Social distancing is a strategy that appears very effective in slowing the spread of a virus.  By keeping a “clear zone” around and between people (roughly 6 feet) the transmission of droplets from someone coughing and sneezing becomes less likely.  The most common form of transmission of COVID-19 occurs after you have been exposed to these droplets and you bring your hands to your face. This is why frequent hand washing and using sanitizer is so important.  Transmission between family members living in close quarters is common.

How Do I Know if I Am Contagious?

It is probably better to assume you are contagious until you are able to be tested.  While tests have been distributed throughout the U.S. and other countries, the goal of testing everyone is not yet within reach.  New tests are being developed that will provide accurate results in shorter periods of time, but these are currently not available.

What is the Course of the Virus?

Information about this is growing as more and more people are tested.  Current descriptions of what happens to people with COVID-19 include observations from medical personnel in hospitals, nursing homes, and community and primary care.  While these are useful, individuals may experience very different symptoms in terms of intensity, duration, and ability to function.

It appears that COVID-19 may be similar to a seasonal influenza.  People with COVID-19 report having fever, cough, and shortness of breath or feelings of tightness of the chest.  Some have mild versions of these symptoms and other more intense.  Symptoms typically last from a few days to two weeks.  People who have medical conditions such as high blood pressure, obesity, immune disorders and any problems with their lungs (including currently smoking, vaping, or having smoked in the past) may be more at risk for developing a severe case of COVID-19 that might require hospitalization, intubation, or ventilation.

Does Everybody Who Tests Positive for COVID-19 Need Hospitalization?

The answer here is decidedly, “No!”  In terms of people who have tested positive for COVID-19, approximately 80% get better and never have to go to the hospital.  Their symptoms can be managed using prescribed medications to treat infections or over the counter medications such as Tylenol to manage fever.  This is very reassuring!

What Sources of Information Can I Trust?

The primary sources of information that are driving research and treatment of COVID-19 are the World Health Organization (WHO) and the Centers for Disease Control (CDC).  Both these organizations collaborate in collecting information and sharing it with the scientific and research community around the globe.  Researchers and policy makers depend on WHO and the CDC to arrive at treatment protocols and policies that insure best practices and good health standards for all of us.

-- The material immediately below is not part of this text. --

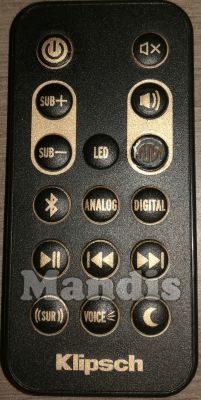 Comando &agrave; dist&acirc;ncia original KLIPSCH R-4B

Here in the U.S., state and local health departments work in collaboration with the Public Health Service under the direction of the Surgeon General of the United States in collecting information and monitoring illnesses.  Public Health officers have broad powers of enforcement when it comes to keeping people in a state healthy.  To find out what is happening in your state in terms of the COVID-19 response, google “[STATE_NAME] public health department” and follow the links to COVID-19, or do a similar search for your city or county public health department.

Many universities and research institutions are working on vaccines, treatment protocols, and diagnostic tests.  These institutions can be a useful source of information through their publications.

What Sources of Information Should I Question?

Sadly, there are always scammers and hucksters who will take advantage of people’s lack of information and fears to make claims for miracle cures and magical preparations that will protect you.   Remember that just because someone calls themselves an expert, it doesn’t mean they actually have the experience and knowledge you seek.  Today anyone can publish a webpage or produced a video.  Rule of thumb — if it sounds too good to be true, it is probably a scam.

As of March 31, 2020,

  • There are no vaccines available for COVID-19.
  • No combination of foods or supplements will “cure” COVID-19 or make you immune.